Excited to see reviews (and that Canon is finally shipping new stuff announced several months ago).

Edit: Not that either is in my budget (or needed for my amateur photography). Rental would be fun for a special event, though.


----------



## thepancakeman (Aug 25, 2011)

KyleSTL said:


> Rental would be fun for a special event, though.

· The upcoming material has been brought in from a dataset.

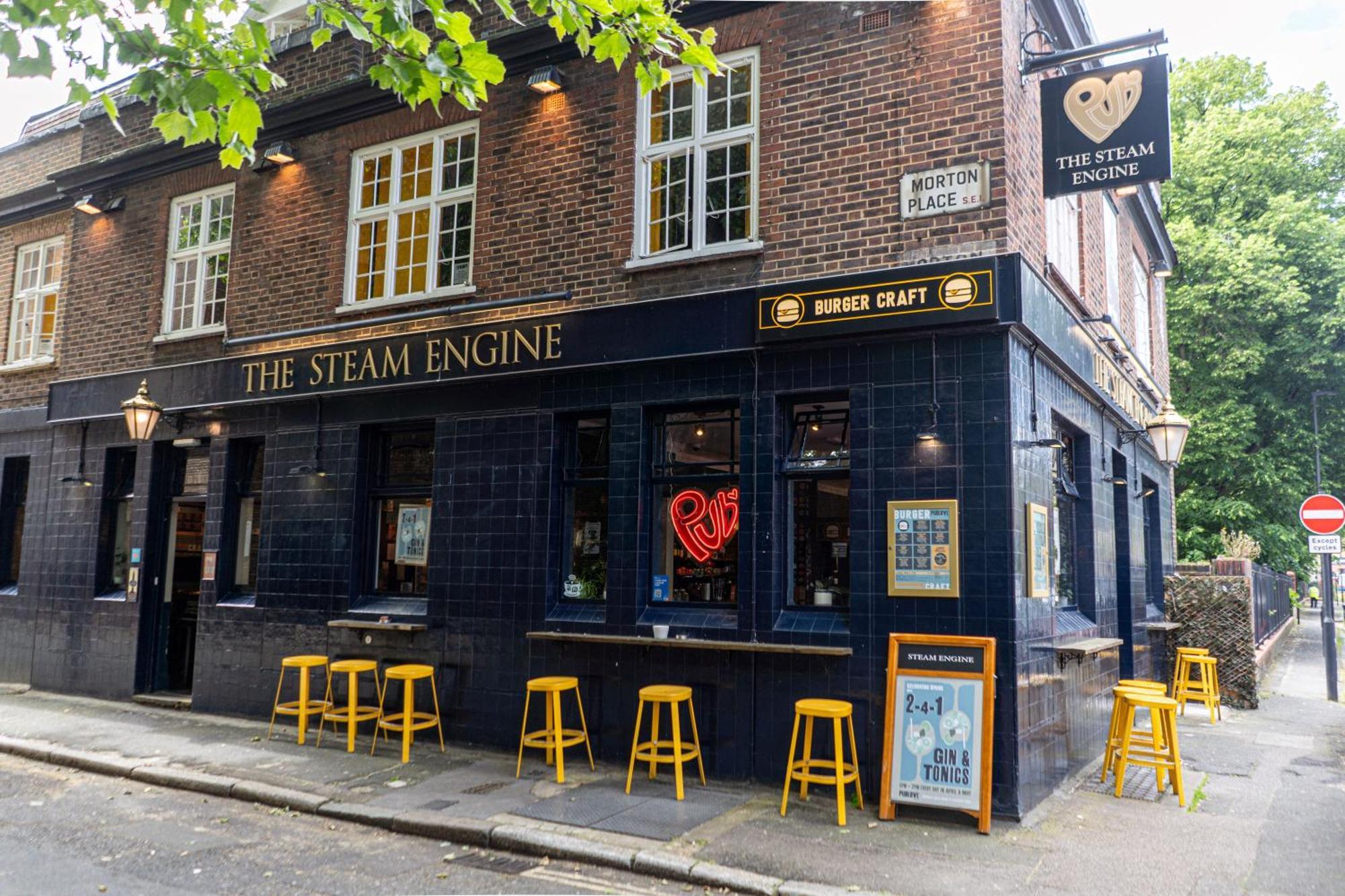 Hostal Publove @ The Steam Engine,waterloo *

I was thinking rental could be special for a fun event... ;D


----------



## EYEONE (Aug 25, 2011)

thepancakeman said:


> KyleSTL said:
> 
> 
> > Rental would be fun for a special event, though.
> ...



I think a rental sounds like a fun special event all by itself.


----------



## Enrico (Aug 25, 2011)

Where can I rent fun?


----------



## Shnookums (Aug 25, 2011)

I would need to sell 2 of my 400mm 2.8 V1 to buy the new V2... Unfortunately, I only have one...


----------



## markIVantony (Aug 26, 2011)

argh! why are these lenses so expensive?? I recently installed a new engine in a friends S10. We paid $2100 for a brand new GM 2.2L engine, NEW, from the local GM dealership. Think of how much metal, engineering, etc is in an engine. For the price of ONE lens, we could buy three new engines!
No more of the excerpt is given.